Vertebral fractures are the most common osteoporosis-related fractures. It is important to detect vertebral fractures, because they are associated with increased risk of subsequent fractures, and because pharmacologic therapy can reduce the risk of subsequent fractures. Although vertebral fractures are often not clinically recognized, they can be visualized on lateral chest radiographs taken for other purposes. However, only 15-60% of vertebral fractures found on lateral chest radiographs are mentioned in radiology reports.

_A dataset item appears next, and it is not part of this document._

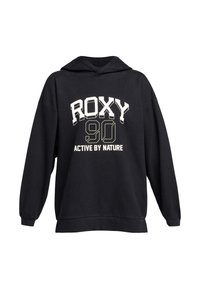 Schwarzer Hoodie mit weißem und hellgrauem Text "ROXY 90" und "ACTIVE BY NATURE". Hergestellt aus weichem Material mit einem lockeren Schnitt und langen Ärmeln.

The purpose of this study was to develop a computerized method for detection of vertebral fractures on lateral chest radiographs in order to assist radiologists' image interpretation. Our computerized method is based on the automated identification of upper and lower vertebral edges. In order to develop the scheme, radiologists provided morphometric data for each identifiable vertebra, which consisted of six points for each vertebra, for 25 normals and 20 cases with severe fractures. Anatomical information was obtained from morphometric data of normal cases in terms of vertebral heights, heights of vertebral disk spaces, and vertebral centerline. Computerized detection of vertebral fractures was based on the reduction in the heights of fractured vertebrae compared to adjacent vertebrae and normal reference data. Vertebral heights from morphometric data on normal cases were used as reference.

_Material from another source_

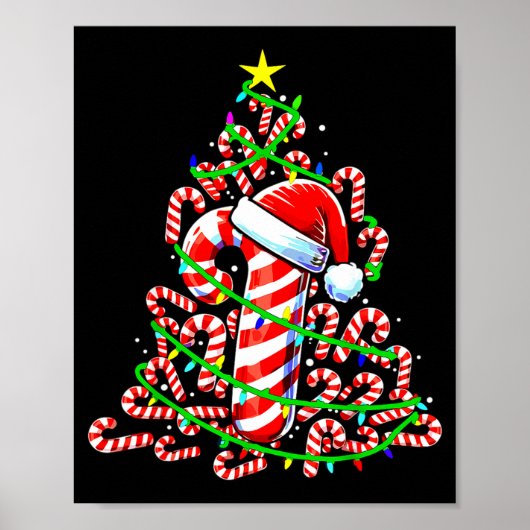 Candy Cane Christmas Tree Lights Santa  Poster (Voorkant)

On 138 chest radiographs (20 with fractures) the sensitivity of our method for detection of fracture cases was 95% (19/20) with 0.93 (110/118) false-positives per image. In conclusion, the computerized method would be useful for detection of potentially overlooked vertebral fractures on lateral chest radiographs.

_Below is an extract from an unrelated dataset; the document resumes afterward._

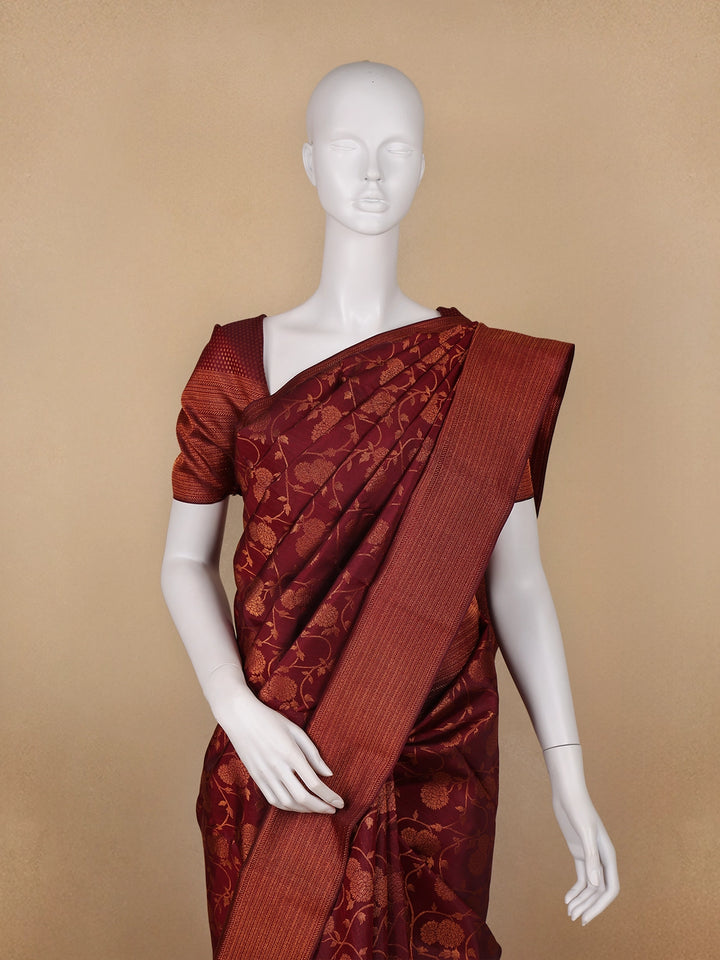 Dark Red Floral Woven Pure Kanchipuram Silk Saree - Diadem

Osteoporosis is one of the major public health concerns in the world. Several clinical trials indicated clearly that pharmacologic therapy for osteoporosis is effective for persons with vertebral fractures for preventing subsequent fractures. It is, therefore, important to diagnose vertebral fractures early. Although most vertebral fractures are asymptomatic, they can often be detected on lateral chest radiographs which may be obtained for other purposes. However, investigators have reported that vertebral fractures which were visible on lateral chest radiographs were underdiagnosed or underreported. Therefore, our purpose in this study was to develop a computerized method for detection of vertebral fractures on lateral chest radiographs and to assist radiologists' image interpretation. Our computerized scheme is based on the detection of upper and lower edges of vertebrae on lateral chest images. A curved rectangular area which included a number of visible vertebrae was identified. This area was then straightened such that the upper and lower edges of the vertebrae were oriented horizontally. For detection of vertebral edges, line components were enhanced, and a multiple thresholding technique followed by image feature analysis was applied to the line enhanced image. Finally, vertebral heights determined from the detected vertebral edges were used for characterizing the shape of the vertebrae and for distinguishing fractured from normal vertebrae. Our preliminary results indicated that all of the severely fractured vertebrae in a small database were detected correctly by our computerized method.